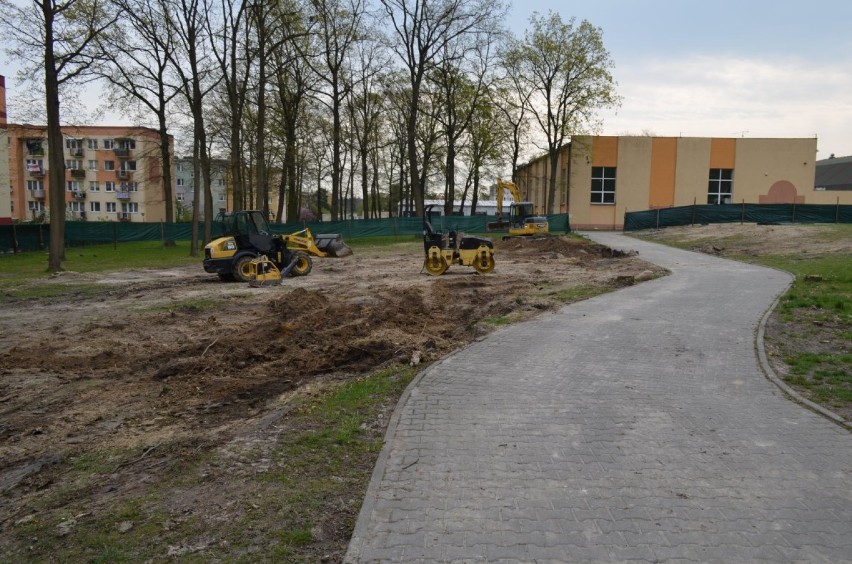 Trwają prace budowlane przy ZS nr 3 w Kraśniku. To duża inwestycja Starostwa Powiatowego w Kraśniku. Zobacz zdjęcia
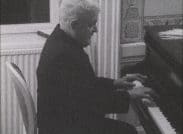 En äldre man sitter och spelar piano.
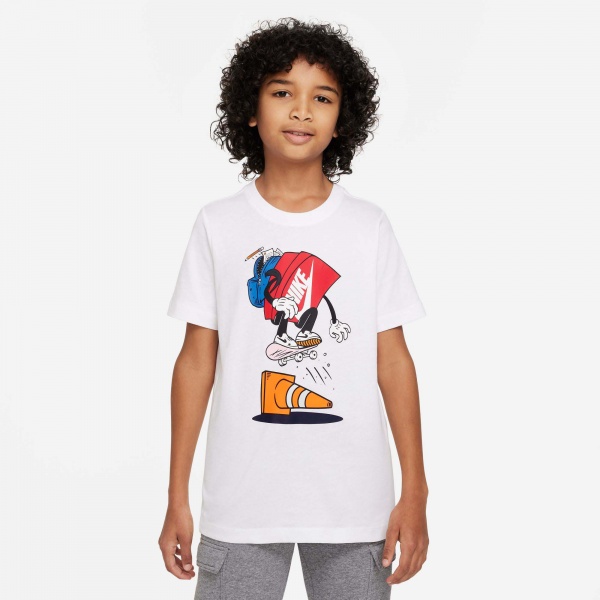 Футболка Nike TEE BOXY PATCH 2 FA22 DR9724-100 р.XL білий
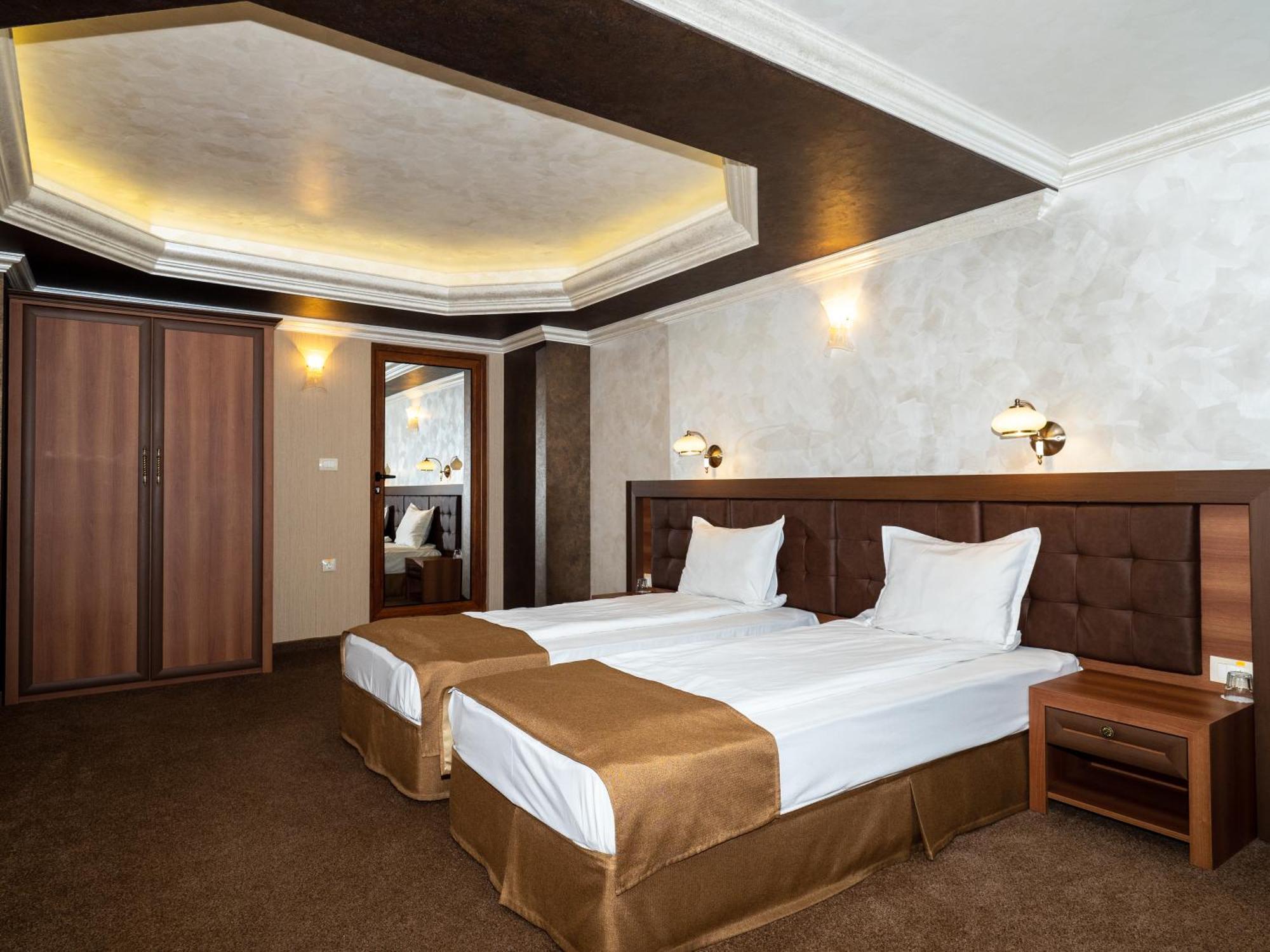Hotel Elit Pernik Kültér fotó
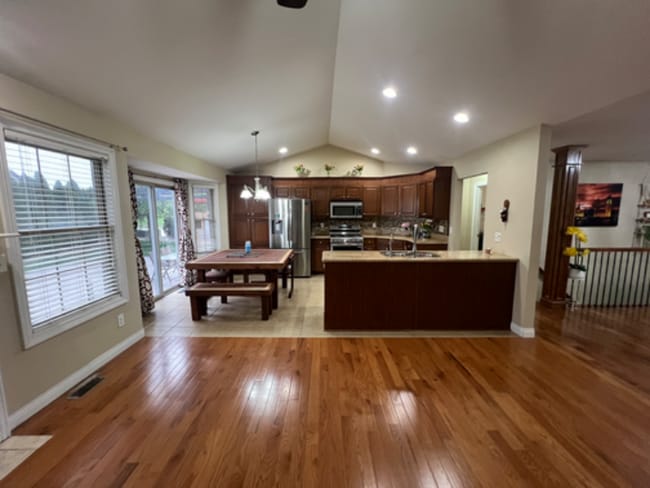 Building Photo - 10815 N Fieldgrove Dr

┄┄┄┄┄┄

● What to work on
Copy the records above precisely, and leave every image out of the copy.

● Solution below
 Trwają prace budowlane przy ZS nr 3 w Kraśniku. To duża inwestycja Starostwa Powiatowego w Kraśniku. Zobacz zdjęcia
 En äldre man sitter och spelar piano.
 Футболка Nike TEE BOXY PATCH 2 FA22 DR9724-100 р.XL білий
Hotel Elit Pernik Kültér fotó
 Building Photo - 10815 N Fieldgrove Dr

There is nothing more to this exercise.